What this task involves
Beginning with the line that includes "Homes - Maighels 8-9 Appartamento *" and ending with the last line, print the records exactly, leaving every picture out.

Stored entries:
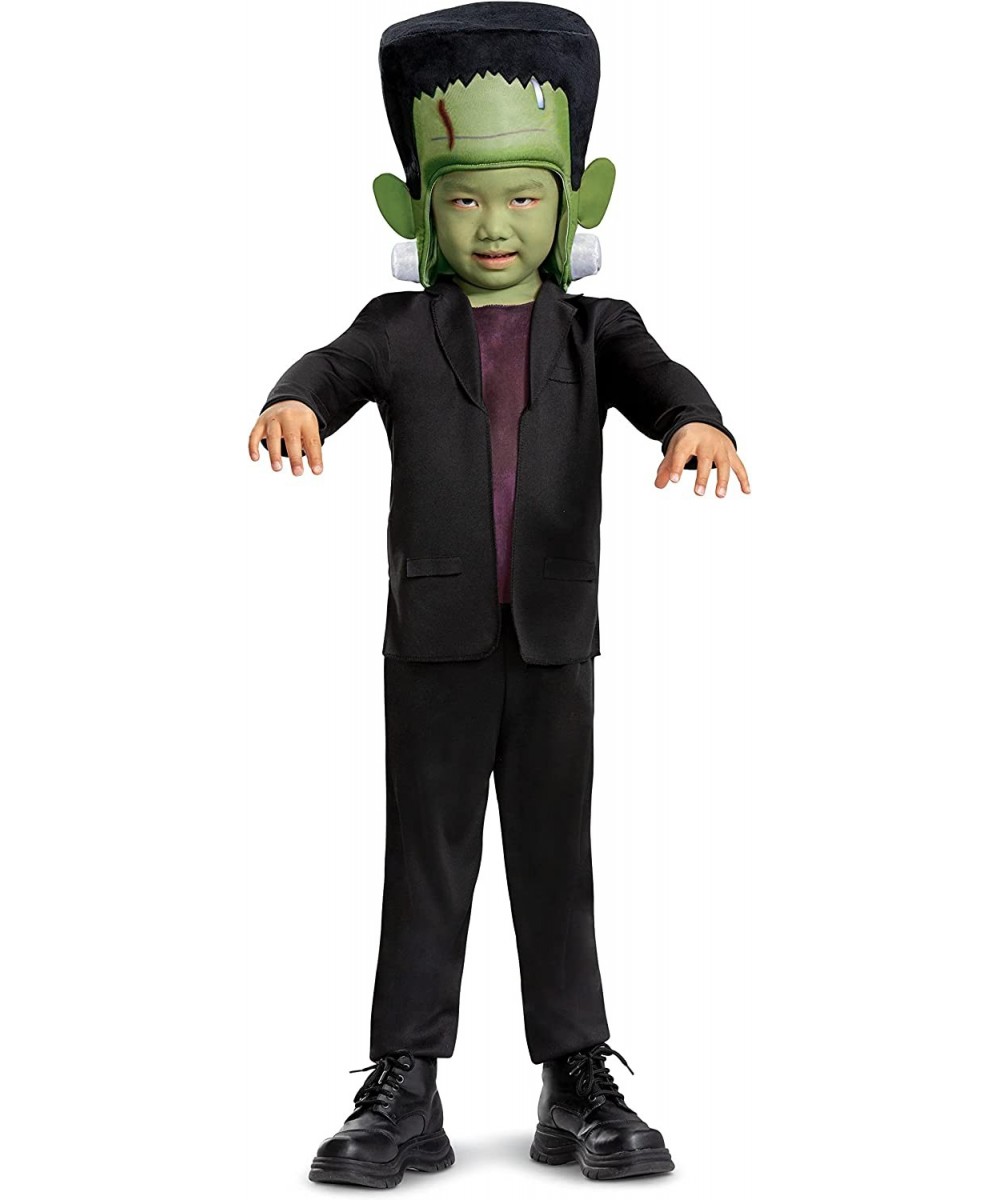 Boy's Monsters Infant/Toddler Frankenstein Costume $42.02 - Kids' Costumes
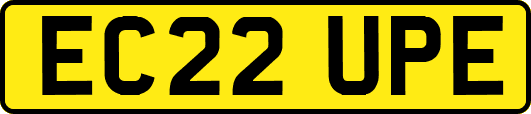 EC22UPE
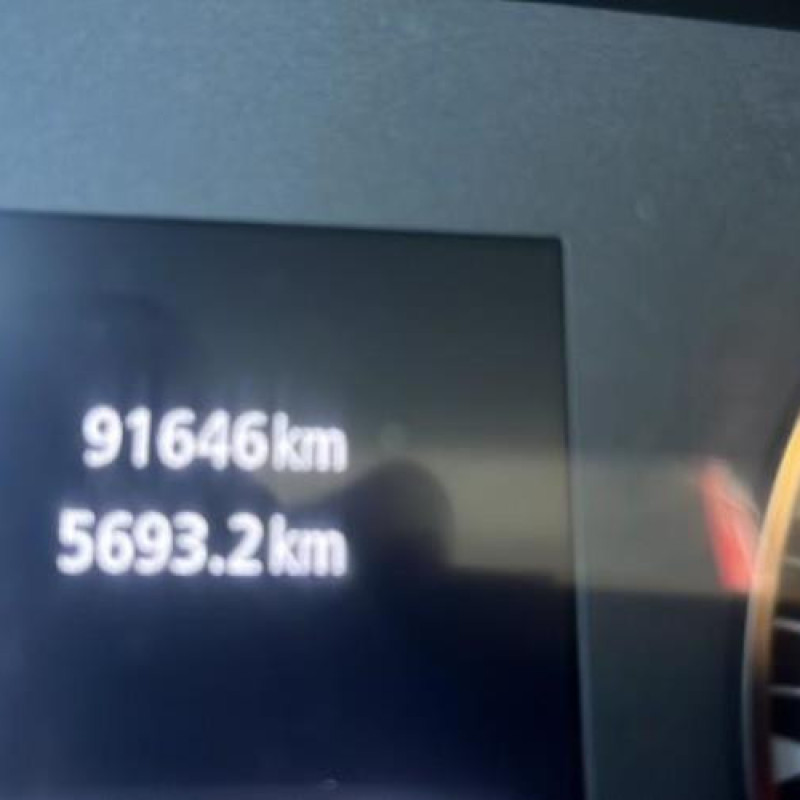 Compteur RENAULT MASTER 3 Photo n°12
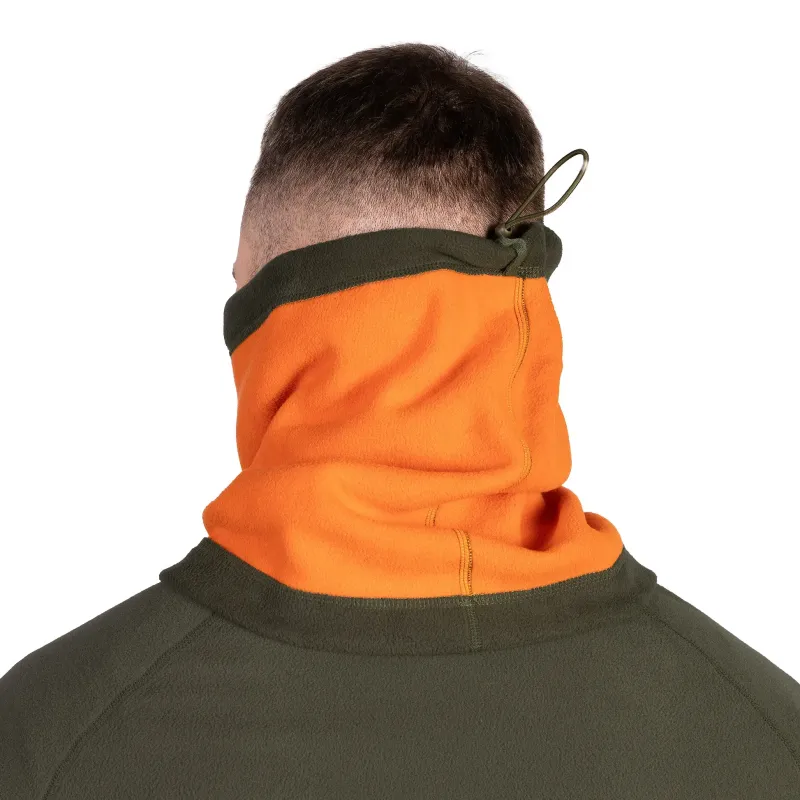 Шарф-труба Fix Marker Ultra Soft Olive (6595)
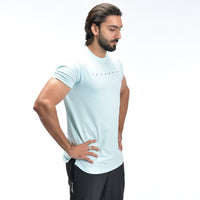 Prime Scoop Hem Tee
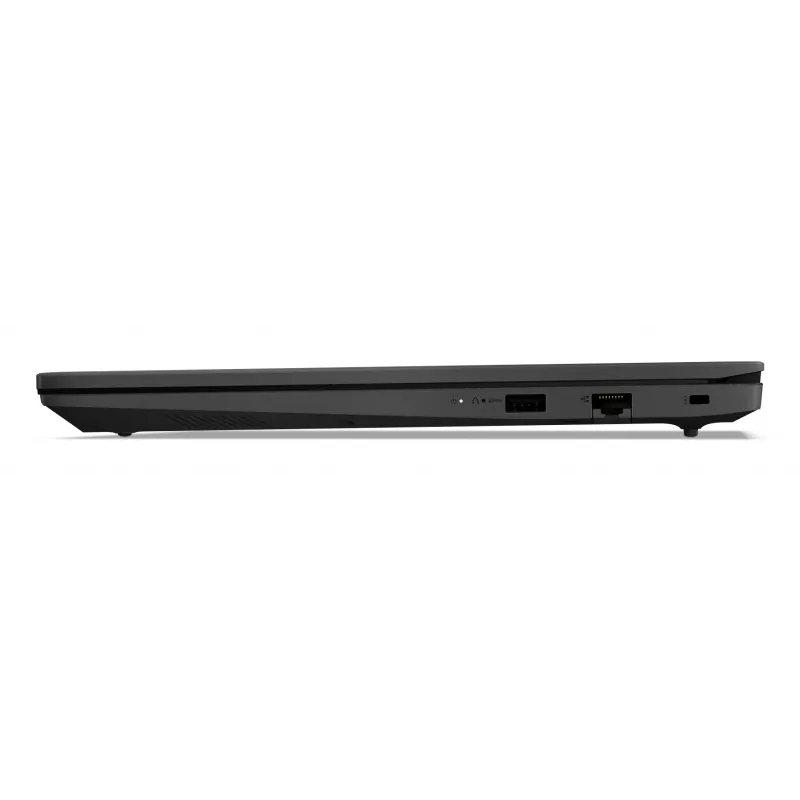 Lenovo V15 G4 IRU Intel® Core™ i5 i5-13420H Laptop 39,6 cm (15,6 inch) Full HD 16 GB DDR4-SDRAM 512 GB SSD Wi-Fi 6 (802.11ax) Windows 11 Home Nordic Czarny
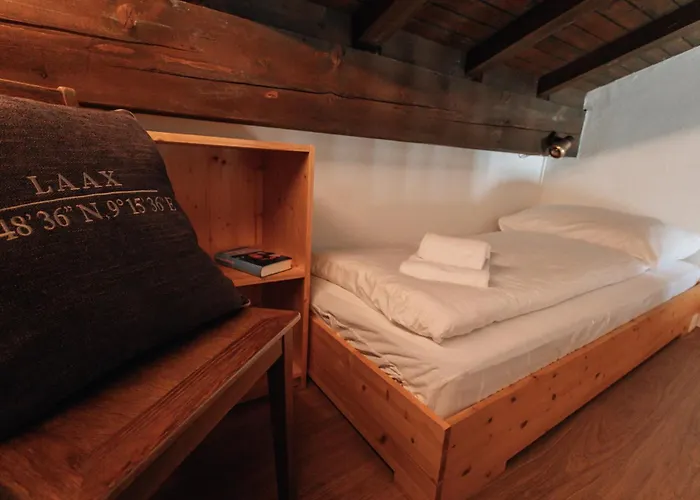 Homes - Maighels 8-9 Appartamento *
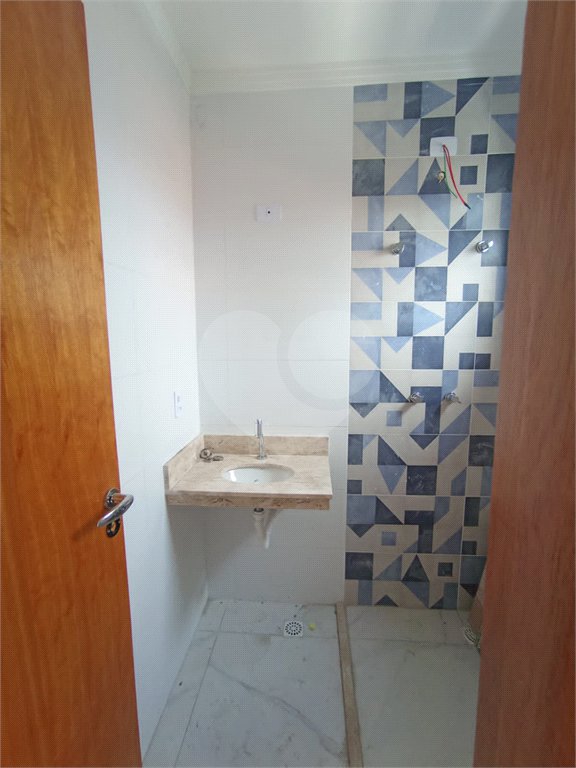 Sobrado à venda com 3 suítes em Vila Nova Cachoeirinha, São Paulo, SP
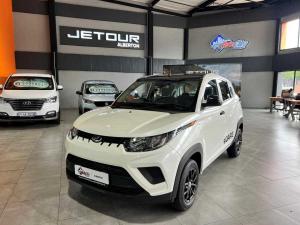 2020 Mahindra KUV 100 1.2 K2+ #dare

Response
 Homes - Maighels 8-9 Appartamento *
 Sobrado à venda com 3 suítes em Vila Nova Cachoeirinha, São Paulo, SP
 2020 Mahindra KUV 100 1.2 K2+ #dare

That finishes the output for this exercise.